Tips and tricks to design concurrent algorithms
In this section, we have compiled some tips and tricks you have to keep in mind to design good concurrent applications.
Identify the correct independent tasks
You can only execute concurrent tasks that are independent of each other. If you have two or more tasks with an order dependency between them, maybe you have no interest in trying to execute them concurrently and including a synchronization mechanism to guarantee the execution order. The tasks will execute in a sequential way, and you will have to overcome the synchronization mechanism. A different situation is when you have a task with some prerequisites, but these prerequisites are independent of each other. In this case, you can execute the prerequisites concurrently and then use a synchronization class to control the execution of the task after completion of all the prerequisites.
Another situation where you can't use concurrency is when you have a loop, and all the steps use data generated in the step before or there is some status information that goes from one step to the next step.
Implement concurrency at the highest possible level
Rich threading APIs, as the Java concurrency API, offer you different classes to implement concurrency in your applications. In the case of Java, you can control the creation and synchronization of threads using the Thread
or Lock
classes, but it also offers you high-level concurrency objects, such as executors or the Fork/Join framework that allows you to execute concurrent tasks. This high-level mechanism offers you the following benefits:
- You don't have to worry about the creation and management of threads. You only create tasks and send them for execution. The Java concurrency API controls the creation and management of threads for you.
- They are optimized to give better performance than using threads directly. For example, they use a pool of threads to reuse them and avoid thread creation for every task. You can implement these mechanisms from scratch, but it will take you a lot of time, and it will be a complex task.
- They include advanced features that make the API more powerful. For example, with executors in Java, you can execute tasks that return a result in the form of a
Future
object. Again, you can implement these mechanisms from scratch, but it's not advisable. - Your application will be migrated easier from one operating system to another, and it will be more scalable.
- Your application might become faster in the future Java versions. Java developers constantly improve the internals, and JVM optimizations will be likely more tailored for JDK APIs.
In summary, for performance and development time reasons, analyze the high-level mechanisms your thread API offers you before implementing your concurrent algorithm.
Take scalability into account
One of the main objectives when you implement a concurrent algorithm is to take advantage of all the resources of your computer, especially the number of processors or cores. But this number may change over time. Hardware is constantly evolving and its cost becomes lower each year.
When you design a concurrent algorithm using data decomposition, don't presuppose the number of cores or processors that your application will execute on. Get the information about the system dynamically (for example, in Java you can get it with the method Runtime.getRuntime().availableProcessors()
) and make your algorithm use that information to calculate the number of tasks it's going to execute. This process will have an overhead over the execution time of your algorithm, but your algorithm will be more scalable.
If you design a concurrent algorithm using task decomposition, the situation can be more difficult.

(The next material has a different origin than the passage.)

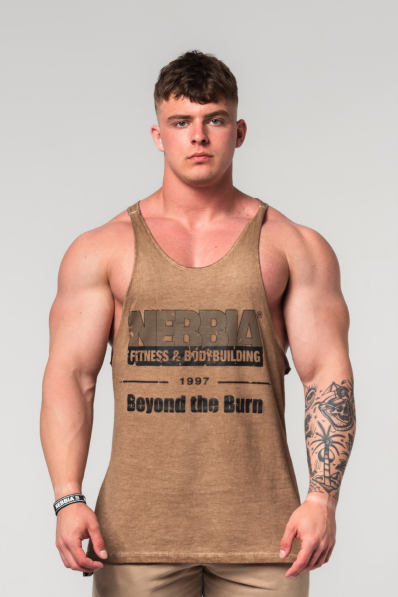 NEBBIA • NEBBIA Washed-off oversized tank top MAX OUT brown • Nebshop.cz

You depend on the number of independent tasks you have in the algorithm and forcing a bigger number of tasks will increment the overhead introduced by synchronization mechanisms, and the global performance of the application can be even worse. Analyze in detail the algorithm to determine whether you can have a dynamic number of tasks or not.
Use thread-safe APIs
If you need to use a Java library in a concurrent application, read its documentation first to know if it's thread-safe or not. If it's thread-safe, you can use it in your application without any problem. If it's not, you have the following two options:
- If a thread-safe alternative exists, you should use it
- If a thread-safe alternative doesn't exist, you should add the necessary synchronization to avoid all possible problematic situations, especially data race conditions
For example, if you need a List in a concurrent application, you should not use the ArrayList
class if you are going to update it from several threads because it's not thread-safe. In this case, you can use a thread-safe class such as ConcurrentLinkedDeque,CopyOnWriteArrayList
, or LinkedBlockingDeque
. If the class you want to use is not thread-safe, first you must look for a thread-safe alternative. Probably, it will be more optimized to work with concurrency that any alternative that you can implement.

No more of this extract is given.